Ne yapacaktım o zaman ? Bir daha yüzüme bakmayacak mıydı benim ? Ağlamak üzereydim tutamıyordum kendimi. Sigara içmek için aşağı indim. O sırada Doğukanla Tarık beni fark edince hemen öpüşmeyi bırakıp ayrıldılar. Gülümseyip "bana yok mu?" Dedim. Birbirlerine bakıp "be gece bekliyoruz seni" dediler. Gülmüştük ama gece gerçekten yanlarına gitsem kimse yadırgamazdı biliyorduk. Arkamdan Kubi geldi ve " bensiz mi ?" Dedi. Bu yazlık cok tehlikeliydi ve bu hoşuma gidiyordu. Ama istediğim kişi yine yoktu iste yanımızda. Dönüp bir anda Kubinin kolunu ısırdım. Canının yandığı belliydi ama zevk almış gibi güldü. Kuşağıma eğilip
"Bunun geri dönüşü olucak" dedi. Bu çocuk beni nasıl yükselteceğini biliyordu. Gülüşüm tüm yüzüme yayılırken Atakan bahçede belirdi bize dönüp keskin bir bakış attı. Artık emindim. Biliyordu.

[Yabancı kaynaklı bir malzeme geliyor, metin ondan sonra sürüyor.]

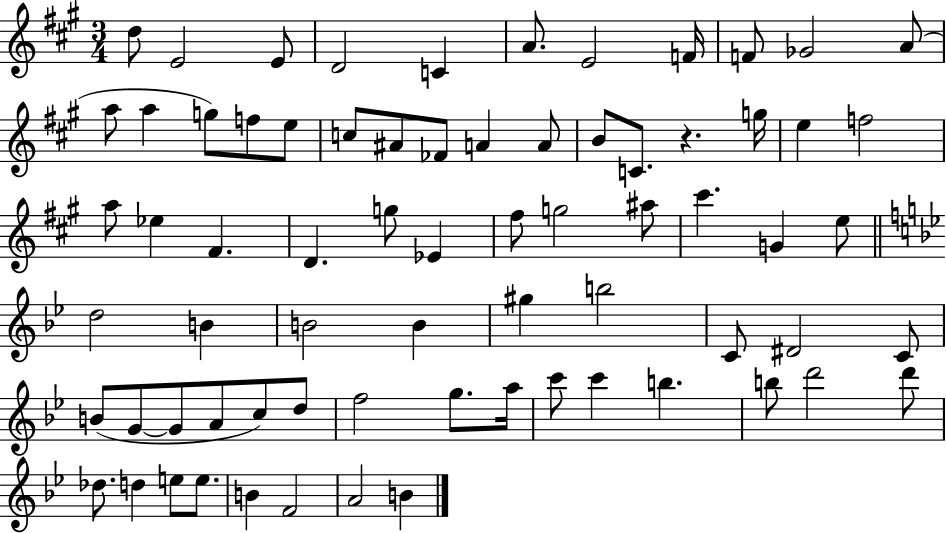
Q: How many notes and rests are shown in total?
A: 71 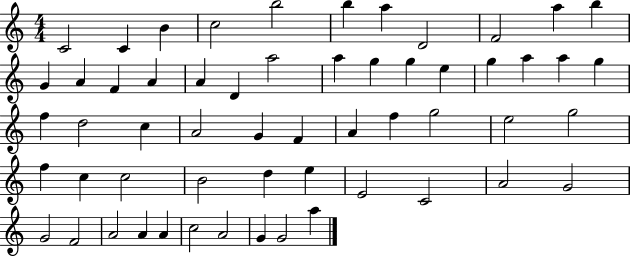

Ortamı yumuşatmak adına saçmalarken konu yemeğe geldi. Mutfağa gidip pizza yapmaya başladım. Atakan yanıma gelip yardım etmek istediğini söyledi. Birlikte mutfakta şarkılar dinleyip yemek yapmaya başladık yeniden. O an benden mutlusu yoktu. Ah o güçlü kollarıyla sucukları doğrayışı beni benden alıyordu. Bıçağı çok iyi kullanıyordu. Ondan fırını açmasını rica edip kesme tahtasına ben geçtim. Sucuğu keseyim derken anlışlıkla elimi kestim. Yine becermişti sakarlık yapmayı şapşal ben. Atakan aşağı inip elimdeki kanı görünce göz bebekleri büyüdü. Tam kanı silecektim ki elimi tutup bastırdı. Daha cok kan çıktı ve bunu izledi. Doğukanın içeri girmesiyle elimi bırakıp tezgaha döndü. Yine kafam karışmıştı. Kana neden bu kadar çok ilgi duyuyordu ? Ne kadar da karanlık bir errrrkekti. Onun bu bilinmezliği karşısında eriyordum.
—-
Yemekten sonra direkt çalışmaya döndü Atakan. Doğukanla Tarık ise odalarına çekildiler. Kubiyle yine yalnız kalmıştık. Birbirimizle uğraşıp laf atıyor dalga geçiyor ve her fırsatta birbirimize dokunuyorduk. Atakan mola verip bahçeye çıktığında bizi o halde görünce arkasını dönüp gitti. Arkasından gidip seslendim ama duymamazlıktan geldi. Koşarak terasa çıktım. Yalnız kalmalıydım. Kubi peşimden gelmiş farkında değildim sesini duyunca havaya sıçradım.
K : iyi misin
Ben : hıhı
K : neyin var ya söylesene
Ben : senin yüzünden oldu işte senin yüzünden asla sevmeyecek beni
K : aptal olma seni zaten sevmiyordu
Tokat gibi suratıma çarpan bu cevap karşısında yıkılmıştım. Hıçkıra hıçkıra ağlamaya başladım. Kubilay kollarımdan tutup sarstı beni ve öptü. Karşılık verdim. Birbirimizin canını yakmak istiyor gibiydik. Ben ona Atakan için sinirliydim. Peki o bana ne için sinirliydi ? Deliler gibi öpüşüp birlikte olduk. Sonrasıysa pişmanlıktan ibaret. Kendimi Atakana saklamalıydım. Onu beklemeliydim. Mahvetmiştim her şeyi. Bunu da öğrenecek ve bir daha belki de benimle konuşmayacaktı bile. Ama artık yorulmuştum. Beklemekten. Kırılmaktan yorulmuştum işte. Benim de kalbim hislerim isteklerim vardı. Sonsuza kadar onu bekleyemezdim. En azından fiziksel olarak. Aşağı indiğimde Atakanla yüz yüze geldik. Gülerek " afiyet olsun " dedi. Tanrım umrunda bile değildi. Ben kendi kendime delirip pişmanlık duymuştum. Ama pişman edecektim onu bu umursamaz tavırlarına. Eninde sonunda ne kaybettiğini görüp kıskanacaktı işte.